A California bill attempting to strip away a tax break for large owners of rental homes died Monday.

Assemblymember Matt Haney, D-San Francisco, said he authored the measure to push back against wealthy investors scooping up and then renting out homes. Critics say that practice raises prices for buyers and hurts the state’s homeownership rate.

“Why are we giving tax breaks to Wall Street landlords, to help them outbid California families who simply want to own their first home?,” Haney said during a news conference Monday morning about Assembly Bill 1611. “It makes no sense, we shouldn’t be doing it and it’s hurting our goals here to increase access to homeownership for Californians.”

The measure would have prevented owners of 50 or more single-family rental properties from using a tax break, which allows for gains from selling a property used for a trade or business to be deferred if a taxpayer acquires another property of a “like-kind.” The state Franchise Tax Board estimated that ending the break would have brought in more than $6 million a year over the next three fiscal years.

But the bill did not make it out of the Assembly Revenue and Taxation Committee. It was killed through a process called the suspense file, where measures die without a public vote or explanation. The committee’s chair Assemblymember Mike Gipson, D-Carson, declined to comment after the hearing.

The measure faced opposition from influential groups including the California Apartment Association, California Chamber of Commerce and the California Building Industry Association.

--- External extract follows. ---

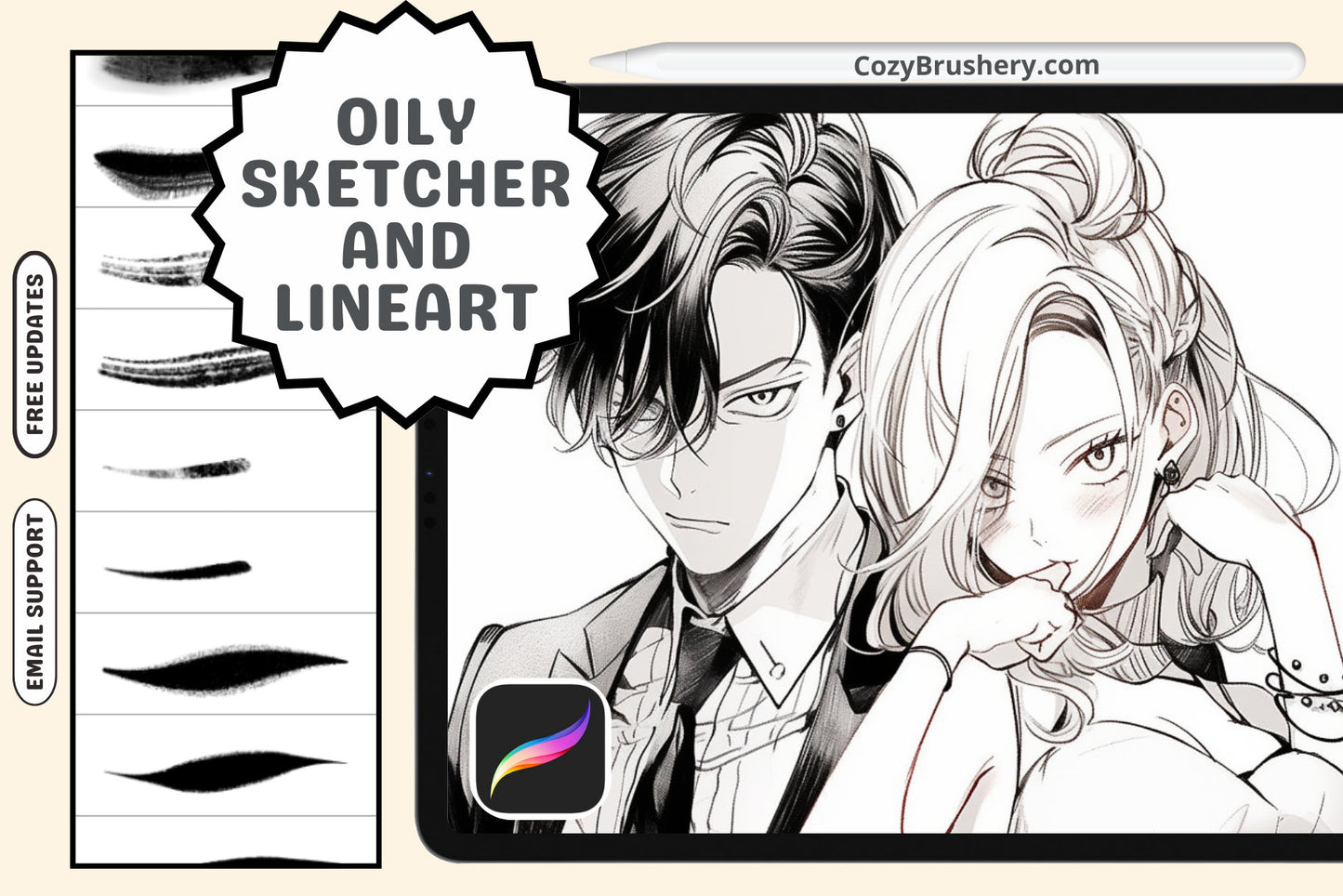 Procreate Brushes: Bold Ink and Lineart Legend Set - Cozy Brushery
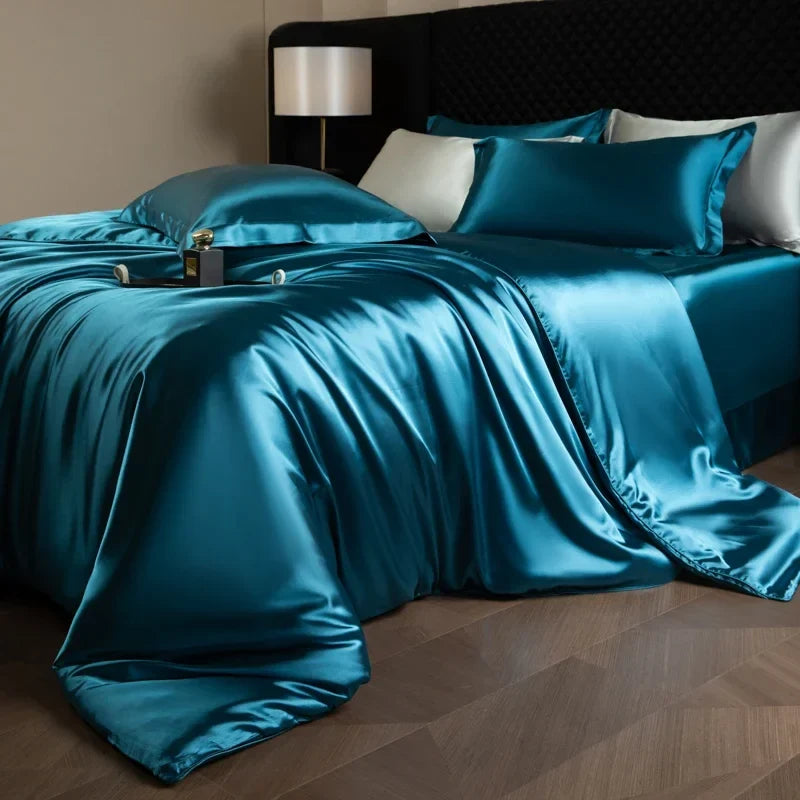 Luxurious silk bed sheets set with duvet cover, pillowcases, and fitted sheets in king and queen sizes, from 𝕄𝕔 𝕋𝕙𝕖 𝔹𝕝𝕒𝕔𝕜 𝔻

They argued the bill was “a solution in search of a problem” that “advances a compelling narrative with strong political optics,” in a letter they sent to Haney last week.

“Investors cannot be blamed for driving up the price of housing,” the letter went on to say. “Simply purchasing a home does not increase housing prices. The fundamental driver of housing costs in California is the chronic shortage of housing supply.”

There are questions about the role that large investment companies play in the affordability of housing in the state. In California, just under 3% of single-family homes are owned by holders of at least 10 properties, according to the California Research Bureau.

Even so, efforts to limit corporate investors has bipartisan support from influential leaders including President Donald Trump and Gov. Gavin Newsom. Newsom in his State of the State speech in January said he would work with legislators to combat what he called “monopolistic behavior, and strengthen accountability, level the playing field for working families” through more oversight, enforcement and potentially changing the state’s tax code.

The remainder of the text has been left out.